# What the exercise asks
Output every line of the listing as it stands.
________________
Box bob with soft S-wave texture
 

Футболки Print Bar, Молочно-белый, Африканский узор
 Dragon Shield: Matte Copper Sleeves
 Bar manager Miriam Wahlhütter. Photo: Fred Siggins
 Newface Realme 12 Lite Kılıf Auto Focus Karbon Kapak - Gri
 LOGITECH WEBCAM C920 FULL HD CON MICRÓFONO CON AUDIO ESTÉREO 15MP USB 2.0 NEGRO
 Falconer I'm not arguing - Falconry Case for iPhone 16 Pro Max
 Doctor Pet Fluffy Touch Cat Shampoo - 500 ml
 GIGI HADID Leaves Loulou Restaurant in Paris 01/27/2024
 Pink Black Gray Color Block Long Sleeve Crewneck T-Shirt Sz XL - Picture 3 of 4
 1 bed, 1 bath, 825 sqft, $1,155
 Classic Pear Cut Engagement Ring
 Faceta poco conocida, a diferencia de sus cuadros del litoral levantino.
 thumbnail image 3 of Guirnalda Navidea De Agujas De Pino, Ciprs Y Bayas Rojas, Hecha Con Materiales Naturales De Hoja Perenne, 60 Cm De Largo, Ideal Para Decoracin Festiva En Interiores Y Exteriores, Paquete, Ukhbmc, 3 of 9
________________
# Solution to this task
Box bob with soft S-wave texture
 

Футболки Print Bar, Молочно-белый, Африканский узор
 Dragon Shield: Matte Copper Sleeves
 Bar manager Miriam Wahlhütter. Photo: Fred Siggins
 Newface Realme 12 Lite Kılıf Auto Focus Karbon Kapak - Gri
 LOGITECH WEBCAM C920 FULL HD CON MICRÓFONO CON AUDIO ESTÉREO 15MP USB 2.0 NEGRO
 Falconer I'm not arguing - Falconry Case for iPhone 16 Pro Max
 Doctor Pet Fluffy Touch Cat Shampoo - 500 ml
 GIGI HADID Leaves Loulou Restaurant in Paris 01/27/2024
 Pink Black Gray Color Block Long Sleeve Crewneck T-Shirt Sz XL - Picture 3 of 4
 1 bed, 1 bath, 825 sqft, $1,155
 Classic Pear Cut Engagement Ring
 Faceta poco conocida, a diferencia de sus cuadros del litoral levantino.
 thumbnail image 3 of Guirnalda Navidea De Agujas De Pino, Ciprs Y Bayas Rojas, Hecha Con Materiales Naturales De Hoja Perenne, 60 Cm De Largo, Ideal Para Decoracin Festiva En Interiores Y Exteriores, Paquete, Ukhbmc, 3 of 9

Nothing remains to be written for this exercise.